Moonbeams shimmered again as another sorb-net ship appeared. I searched frantically for a survivable vector but I knew any ship to ship weapon exchange this close was terminal.
Comm reinstated and laughter bellowed from multiple sources.
“Should have seen your face Sponge!” Slug laughed.
The second ship slowed to approach speed and berthed.
“He took off like a rabbit!” Laughed the second ship’s Captain.
“Sorry Sponge, but out on Europa, I heard you were Dockside. I thought I might drop by
and see if you still had some Core left in you”
“You bastard Slug. I’ve popped my catheter and now I’m swimming in piss”
“Well I’ll buy you a coldie and we can call it even. And while we’re at it, I’ve got an offer that
involves a long journey, a Captain’s hat and a sorb-net ship called Barbara”
Author : Willis Weatherford
Weighty darkness pushed in on the edges of the cavern, craving admittance to the subterranean council meeting. Eight faces made ominous by three weeks of beard growth stared across the glowrods at one another. Blued gun barrels, gripped tightly, glinted softly, and the steady flow of an installed stream gurgled up from a crack in the floor, like the last bloody breaths of a dying animal. They were the Remnant.
“Chronos, how long until sunrise at our entrance point?”, inquired Achilles with a quick glance at the timekeeper. Chronos had been an executive before the Excavation and Descent, and owned the only working watch. His detail oriented mind was also adept at estimating the two times that still mattered: sunset and sunrise.
“Five minutes until the sun first touches the horizon.” They had quickly discovered – all of them – that the Excavators could still function in the pre-dawn sunrise glow. Only direct light sent them lumbering underground.
“Good.” Achilles rubbed his heel, injured in a past foray. He had chosen his “Nom de Bellum”, as they called their new names, for just that reason. One of the first things they had done after the Excavation was cut out the subdermal IDNodes and change their names. Both had been crimes against the State before the Excavators emerged. Now, there was no State to enforce the Universal Identification Act of 2063, and any connection to the DataBase was a death sentance.

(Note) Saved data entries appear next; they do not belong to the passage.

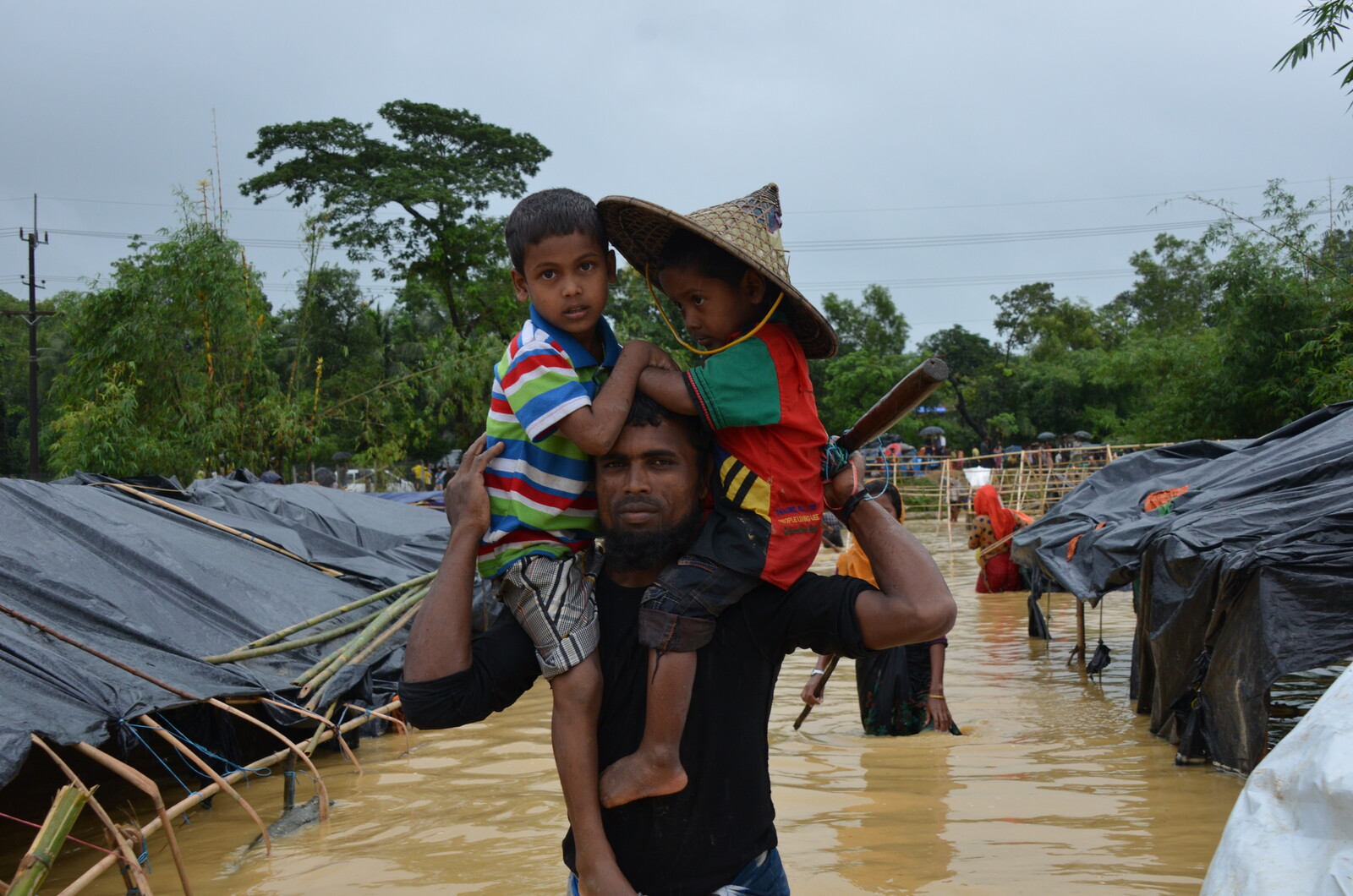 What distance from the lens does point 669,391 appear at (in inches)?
79.3

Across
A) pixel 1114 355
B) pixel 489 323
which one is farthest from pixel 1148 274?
pixel 489 323

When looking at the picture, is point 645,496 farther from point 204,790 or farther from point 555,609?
point 204,790

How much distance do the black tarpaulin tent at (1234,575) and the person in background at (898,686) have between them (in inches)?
49.4

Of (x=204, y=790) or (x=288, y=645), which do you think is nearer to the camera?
(x=204, y=790)

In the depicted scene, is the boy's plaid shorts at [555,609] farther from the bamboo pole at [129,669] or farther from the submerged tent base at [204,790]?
the bamboo pole at [129,669]

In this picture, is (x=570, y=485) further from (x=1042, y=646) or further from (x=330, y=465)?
(x=330, y=465)

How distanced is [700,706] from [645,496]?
1.26ft

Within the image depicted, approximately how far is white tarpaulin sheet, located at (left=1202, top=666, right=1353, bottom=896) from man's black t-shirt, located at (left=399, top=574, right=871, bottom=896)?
2.16 ft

“We top out in one minute, arrive at the target at 0 past sunrise, extract Citizens 11 and 12 within two minutes, reboard as soon as possible, and hopefully return by 8 past sunrise.” Everyone seated around the glowrods was familiar with this routine by now. Everyone except citizens 7 and 8, now renamed Guns and Bolts, had been on at least one or two successful rescue missions. Guns and Bolts had been on only one, a failed attempt to extract citizens 9 and 10. They had been Guns’ friends. He glowered in the monochrome light, eyes sunken and red.

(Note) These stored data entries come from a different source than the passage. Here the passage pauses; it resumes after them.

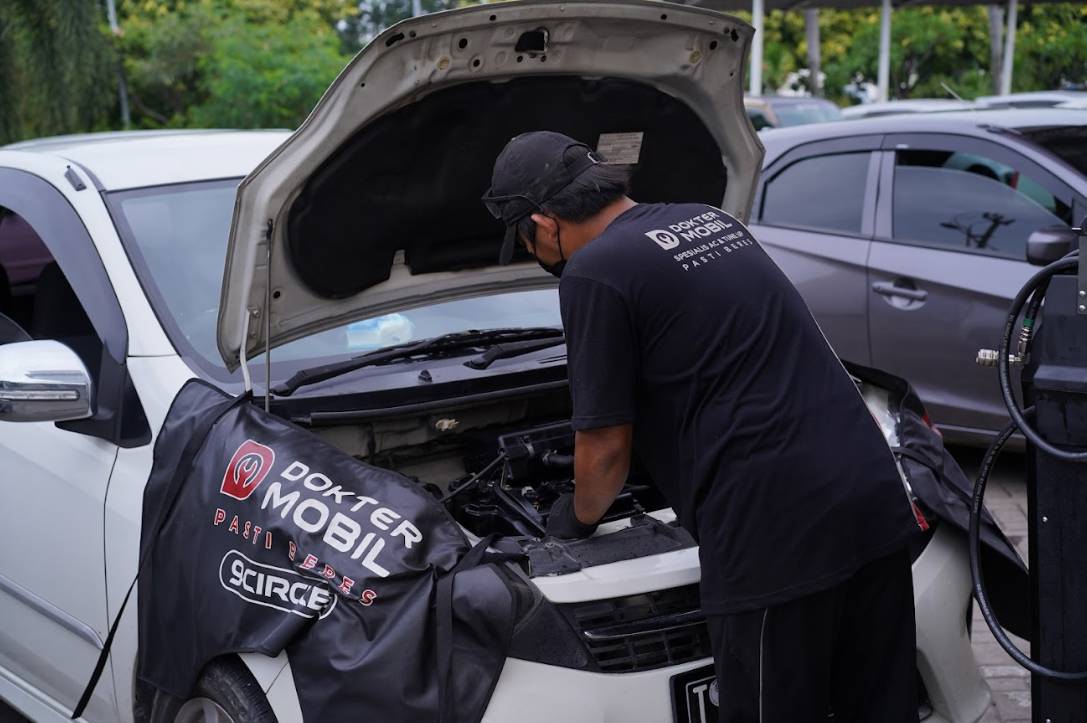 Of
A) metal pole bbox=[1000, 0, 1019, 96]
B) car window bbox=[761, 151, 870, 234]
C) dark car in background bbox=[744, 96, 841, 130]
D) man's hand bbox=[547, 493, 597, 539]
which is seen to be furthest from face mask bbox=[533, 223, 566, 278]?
metal pole bbox=[1000, 0, 1019, 96]

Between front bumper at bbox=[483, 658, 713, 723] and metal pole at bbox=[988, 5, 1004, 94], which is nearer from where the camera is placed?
front bumper at bbox=[483, 658, 713, 723]

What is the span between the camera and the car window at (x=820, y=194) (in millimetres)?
6020

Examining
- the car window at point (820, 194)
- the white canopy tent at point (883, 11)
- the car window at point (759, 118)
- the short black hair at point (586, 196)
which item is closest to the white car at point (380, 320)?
the short black hair at point (586, 196)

“Remember,” Achilles said with a new weight in his voice, “more than two is not an option. Gravity will not allow it. Only 11 and 12, nobody else. Ok. Let’s move out.”

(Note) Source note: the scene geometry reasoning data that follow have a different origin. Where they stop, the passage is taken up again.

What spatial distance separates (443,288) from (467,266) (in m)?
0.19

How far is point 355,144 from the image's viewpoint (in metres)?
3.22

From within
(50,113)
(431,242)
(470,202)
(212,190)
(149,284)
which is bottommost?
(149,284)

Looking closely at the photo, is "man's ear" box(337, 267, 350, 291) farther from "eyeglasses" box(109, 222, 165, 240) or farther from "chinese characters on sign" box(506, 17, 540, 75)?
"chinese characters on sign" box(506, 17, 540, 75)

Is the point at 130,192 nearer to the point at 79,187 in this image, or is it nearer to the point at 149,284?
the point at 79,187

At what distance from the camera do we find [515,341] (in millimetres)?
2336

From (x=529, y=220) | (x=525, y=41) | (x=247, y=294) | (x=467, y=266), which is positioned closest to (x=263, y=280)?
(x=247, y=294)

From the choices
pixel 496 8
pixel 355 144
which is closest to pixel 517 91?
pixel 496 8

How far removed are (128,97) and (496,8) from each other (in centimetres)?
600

Eight pairs of boots stomped through the grey dust towards the surface. At the hatch, they donned tanks, and regulators, and headlamps. The hatch opened, the cold rushed in, and they walked out onto the dark surface. A few miles away, they could see the familiar band of sunlight right where it always was, highlighted on the circular rims of craters. A few steps brought them to the only remaining functional vessel: StateProbe 21. They clambered inside, buckled in, and blasted off towards the earth. As they hurtled through space, Chronos could see the Moon quickly diminishing behind them from one window, and the earth quickly growing in another. They were headed straight for the line between terrestrial day and night, light and darkness. Then he caught Achilles’ eye. The old man, once a maintenance worker at a city park, gave a grim smile, and gave a familiar speech:
“Rescue Mission 5 is underway. May we bring new souls from the terror of light into the safety of darkness. May each man count it a glory to blow even one Excavator off the surface of our planet. May our return add a few more to the the Remnant.”